What works for gas stations works for other industries, as well. Making potential polluters responsible for the adverse effects of their operations by requiring them to carry insurance that is adequate to cover any damages that occur accomplishes two things: It creates incentives for them to take care (thereby reducing the risk of adverse events) and it ensures that if something does go wrong, there will be sufficient funds to repair the damage and to compensate those who have been harmed. In short, this simple accountability mechanism internalizes costs and risks, making the world both safer and more just.
Following is an excerpt from the article:
Many of the risks faced by firms and individuals are spread across the economy through government assurance programs. Prominent examples include bank deposit insurance, pension benefit guarantee funds, and hazardous material cleanup funds. A salient feature of these government assurance programs is the absence of risk-based pricing: they do not charge insured individuals a premium commensurate with the specific risk that each one poses. As a result, the programs protect beneficiaries from adverse events at a subsidized price. The absence of an actuarially-based pricing structure may exacerbate moral hazard, raising the frequency of adverse events by lessening incentives for risk-reducing efforts.

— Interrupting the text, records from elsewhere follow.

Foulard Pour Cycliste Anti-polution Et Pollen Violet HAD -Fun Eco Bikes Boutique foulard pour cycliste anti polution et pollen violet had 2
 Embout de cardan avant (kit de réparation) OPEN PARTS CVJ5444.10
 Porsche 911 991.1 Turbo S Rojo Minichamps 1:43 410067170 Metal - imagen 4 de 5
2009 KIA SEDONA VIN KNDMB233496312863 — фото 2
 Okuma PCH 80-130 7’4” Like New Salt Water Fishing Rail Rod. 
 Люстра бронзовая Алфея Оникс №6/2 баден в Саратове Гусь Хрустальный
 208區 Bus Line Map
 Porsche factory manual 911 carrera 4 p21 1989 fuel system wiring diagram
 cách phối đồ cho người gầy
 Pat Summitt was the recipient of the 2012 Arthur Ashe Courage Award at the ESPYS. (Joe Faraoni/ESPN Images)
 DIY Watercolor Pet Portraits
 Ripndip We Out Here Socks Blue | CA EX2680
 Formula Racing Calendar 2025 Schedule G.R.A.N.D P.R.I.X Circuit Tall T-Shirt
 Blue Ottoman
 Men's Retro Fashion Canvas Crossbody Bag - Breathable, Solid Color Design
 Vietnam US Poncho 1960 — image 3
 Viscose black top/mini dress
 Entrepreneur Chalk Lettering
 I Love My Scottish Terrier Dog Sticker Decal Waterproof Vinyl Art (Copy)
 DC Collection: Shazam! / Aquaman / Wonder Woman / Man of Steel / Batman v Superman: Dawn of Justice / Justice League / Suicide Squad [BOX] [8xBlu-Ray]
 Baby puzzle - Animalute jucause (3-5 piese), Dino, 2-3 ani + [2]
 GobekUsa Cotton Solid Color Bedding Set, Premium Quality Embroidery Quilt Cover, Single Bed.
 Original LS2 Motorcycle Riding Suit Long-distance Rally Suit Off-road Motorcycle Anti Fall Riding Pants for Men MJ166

An example of this can be found in government-managed assurance programs for gas station fuel leaks. In the late 1980s, new federal regulations required gas stations and owners of underground fuel tanks to demonstrate they are financially capable of cleaning up underground fuel leaks and compensating third parties for consequential damages. Michigan, Illinois, and Indiana soon created state assurance programs to subsidize firms’ costs of complying with the new federal regulations. Although the risk of an underground fuel tank leak varies greatly with a tank owner’s operating and investment decisions, the price to participate in these state cleanup assurance funds did not vary with the individual station’s risk. Consequently, station owners could have costly tank leaks and their consequential damages covered at state expense, while facing little program-related incentives to take care to prevent such leaks.
By the mid-1990s, Michigan’s and Illinois’ assurance funds became insolvent. However, they took different approaches to their insolvency crises. While Illinois raised its gasoline excise tax to restore its program’s solvency, the Michigan legislature terminated its state assurance program. Tank owners in Michigan subsequently had to purchase commercial cleanup and liability coverage in order to comply with the federal financial responsibility requirements. In contrast to state assurance funds, the price structure for market-based insurance gives tank owners economic incentives to invest in equipment that reduces the chance of accidental fuel tank leaks.
After Michigan’s policy change, the number of underground fuel tanks with accidental releases dropped by more than 20 percent, relative to surrounding states that maintained state assurance fund programs. This reduction corresponds to more than 3,000 avoided fuel tank releases in Michigan over the following eight years. At an average cleanup cost of $125,000 per release, this represents an aggregate cleanup cost savings for that state on the order of $400 million.
These findings have a practical policy implication. The U.S. Environmental Protection Agency estimates that 6,300 new underground fuel tank releases occur each year in the United States. For the more than 30 states that presently operate state assurance fund programs, risk-based pricing mechanisms similar to private insurance markets may reduce the costly burden of future accidents and alleviate ongoing solvency crises.